INTRODUCTION
               This memorandum is in response to your request for our opinion whether Sebrena A.
                  H~ (Sebrena), who was an adoptive child of Charles R. H~ (number holder) until the
                  number holder terminated his parental rights, can be established as child of the number
                  holder under the Social Security Act, and if so, whether she would be eligible for
                  child’s benefits on the number holder’s account as of September 29, 2002, twelve months
                  prior to her Supplemental Security Income (SSI) application of September 29, 2003.
                  Based on the evidence provided to us and our research, it is our opinion that the
                  various entrustment agreements signed by the number holder do not eliminate Sebrena’s
                  status as a “child” of the number holder and do not prevent her from recovering benefits
                  on his earnings record as of September 29, 2002.
               
               BACKGROUND
               In or around June 1987, Sebrena was adopted by the number holder and his wife, Patricia
                  H~. The number holder and Patricia H~ signed a voluntary entrustment agreement entrusting
                  Sebrena into the care and custody of the Bedford County, Virginia Department of Social
                  Services on January 12, 2000. The Bedford Juvenile and Domestic Relations District
                  Court approved that agreement on May 16, 2000. The number holder and the County entered
                  an Entrustment Agreement for Permanent Surrender of Child February 28, 2002. An order
                  for Voluntary Termination of Residual Parental Rights was entered on July 23, 2002.

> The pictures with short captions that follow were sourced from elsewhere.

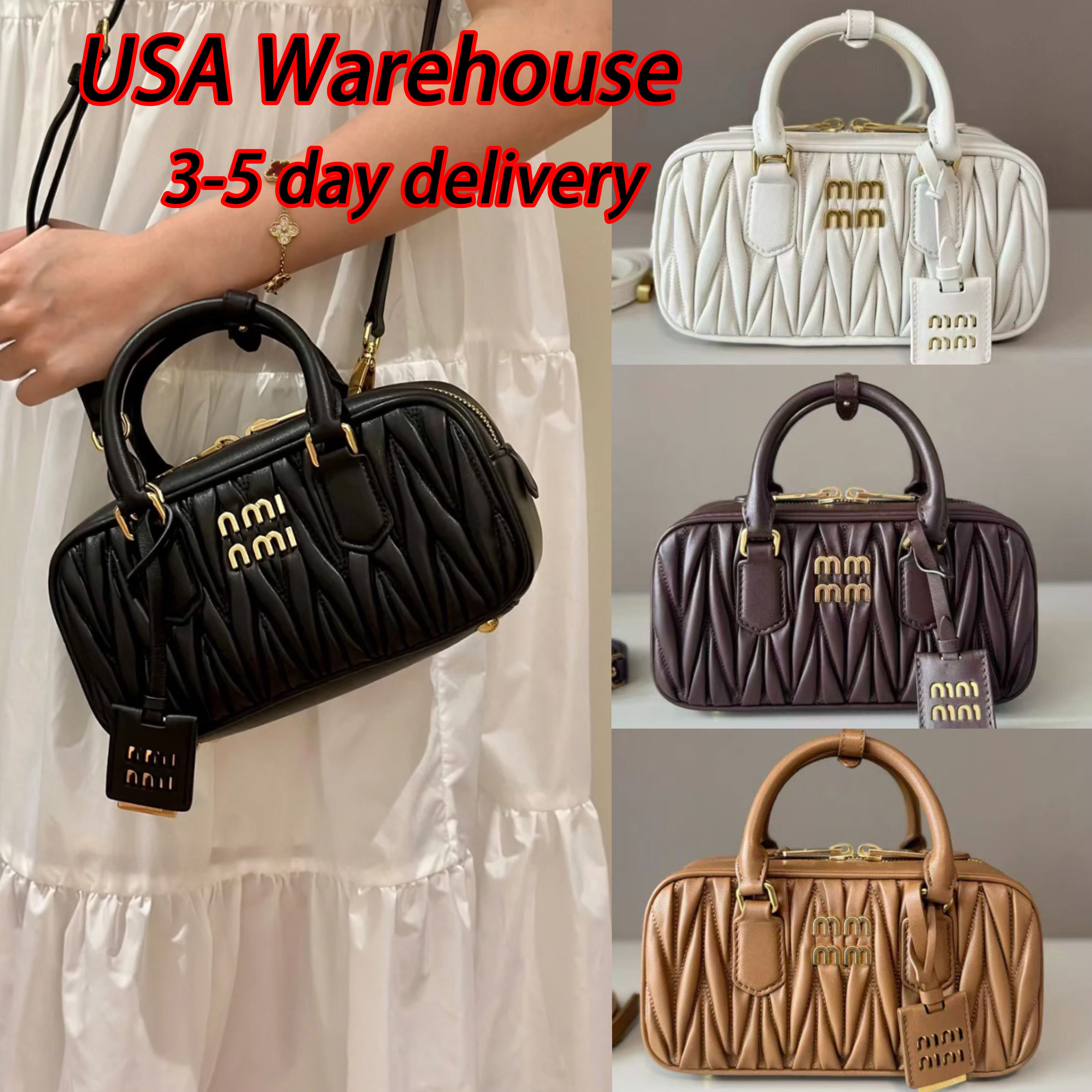 12A High quality wander designer bag joie bag women's handbag shoulder bag retro motorcycle bag luxury handbag boys' new handbag top quality crossbody handle bag - 1 of 6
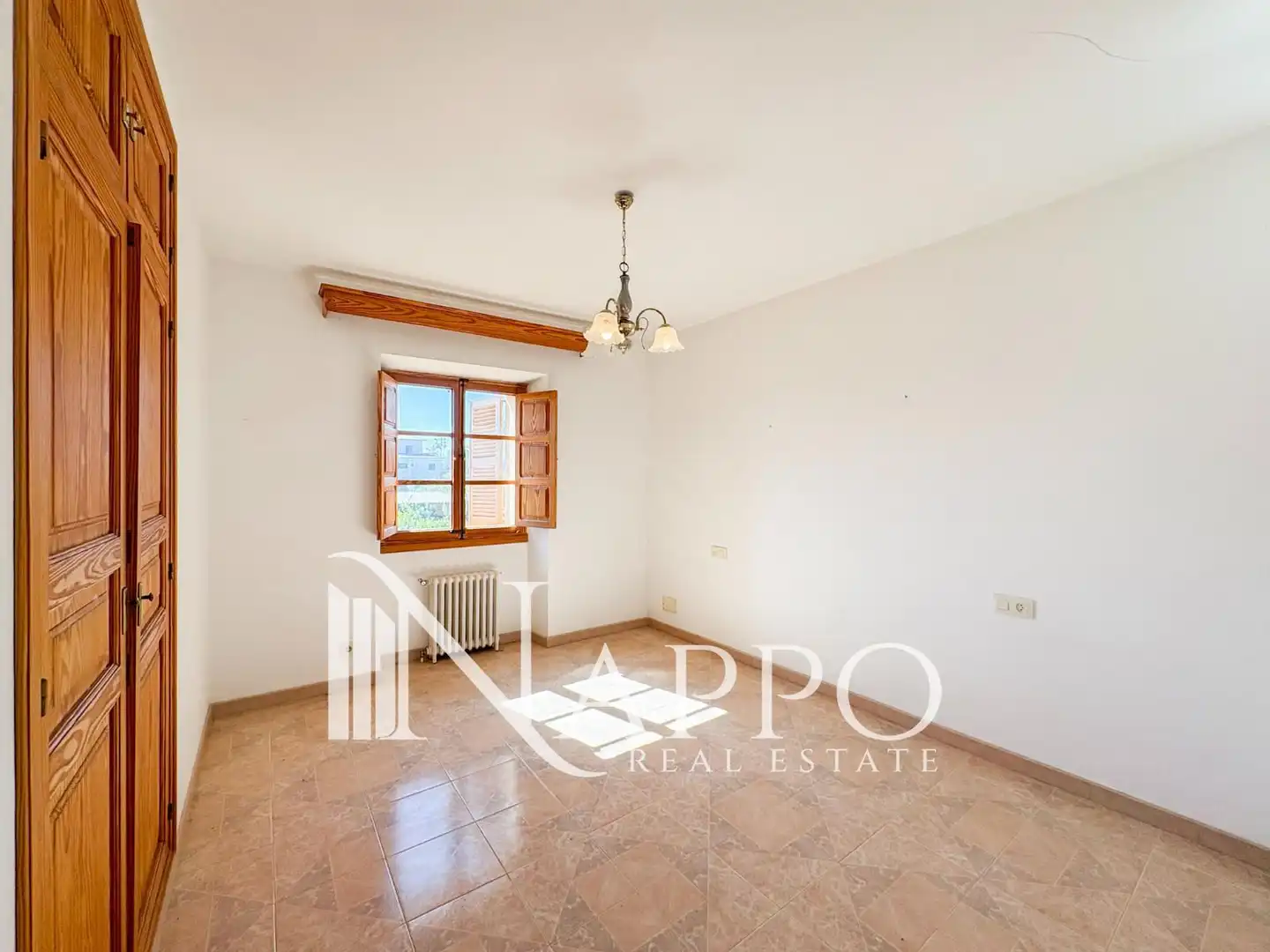 Villa con giardino in vendita a battle josep  canyelles, imagen 48
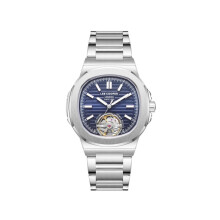 Lee Cooper - LC08227.390 - Armbanduhr - Herren - Automatik - Grant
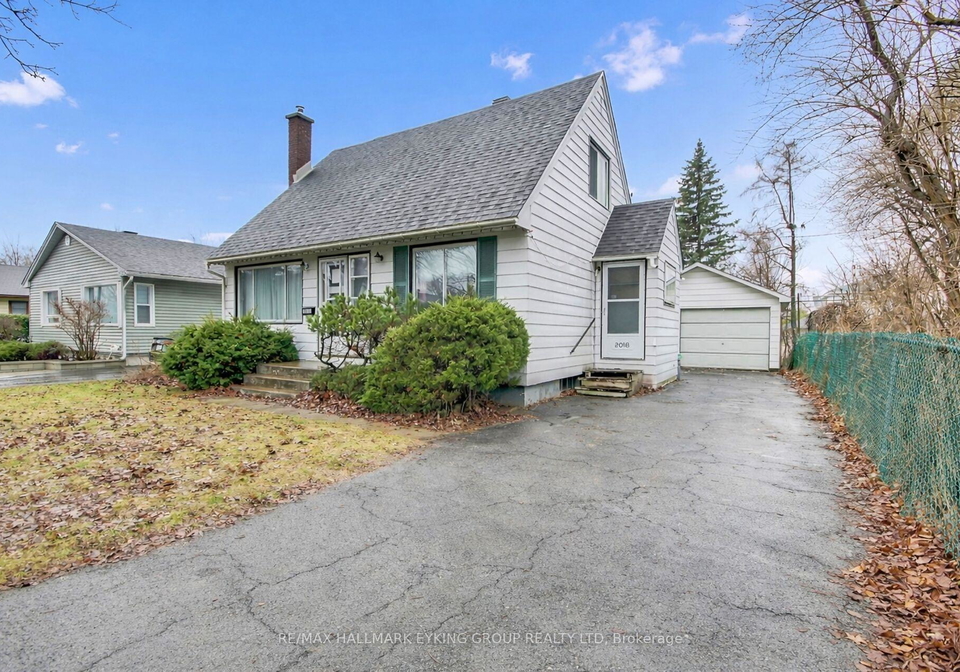 2018-olympia-crescent-ottawa-ontario-x13089652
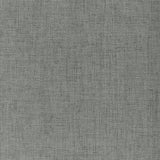 Kravet CONTRACT 90001 11 Drapery Fabric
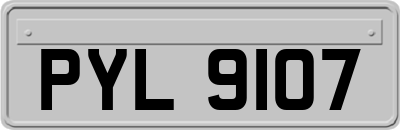 PYL9107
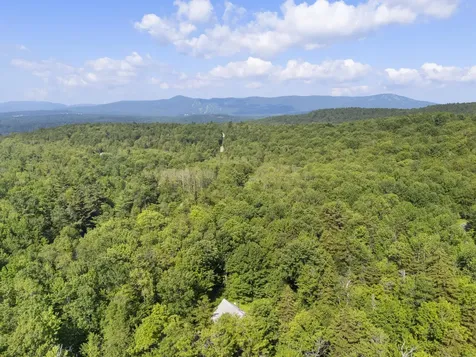 6 Timberview Road Dover VT 05356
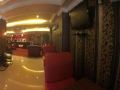 the-hotel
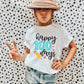 100 Days of School Theme T-shirt, Hoodie, Sweatshirt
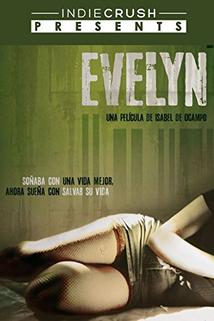 Evelyn  - Evelyn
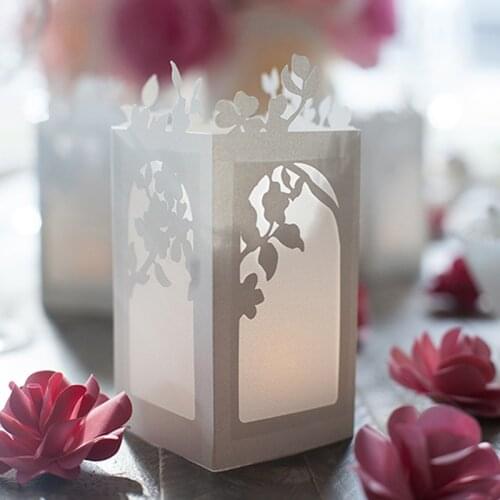 MEET HUANG Home And Garden Products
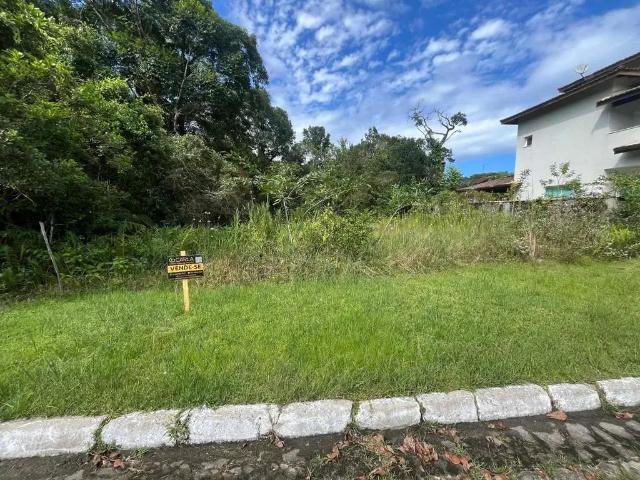Terreno venda em Região Imediata de Caraguatatuba-Ubatuba-São Sebastião, Região Metropolitana do Vale do Paraíba e Litoral Norte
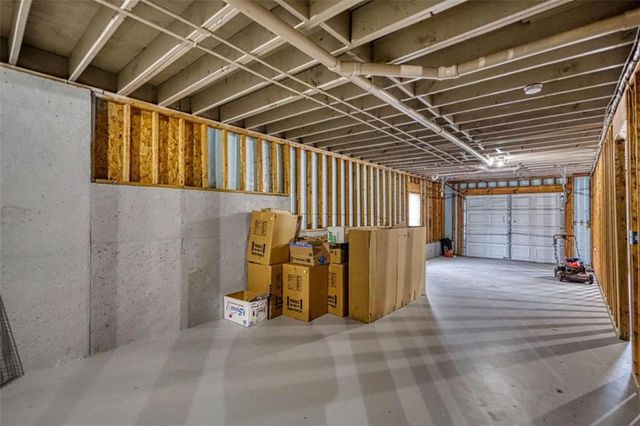 513 Cody Lane, Mcdonough, GA 30252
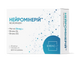 Neuromineriy capsules, 30 count, manufacturer price, dietary supplement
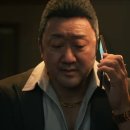 부천정비센타㈜ 이미지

                  Sebrena had no subsequent adoption.
               
               The number holder filed an application for disability benefits on October 29, 2002.
                  He was found to be disabled under the Act with an onset date of March 1, 2000, and
                  an entitlement date of October 2001. He did not name Sebrena as his child on his disability
                  application. Sebrena filed a Title XVI application for SSI on September 29, 2003.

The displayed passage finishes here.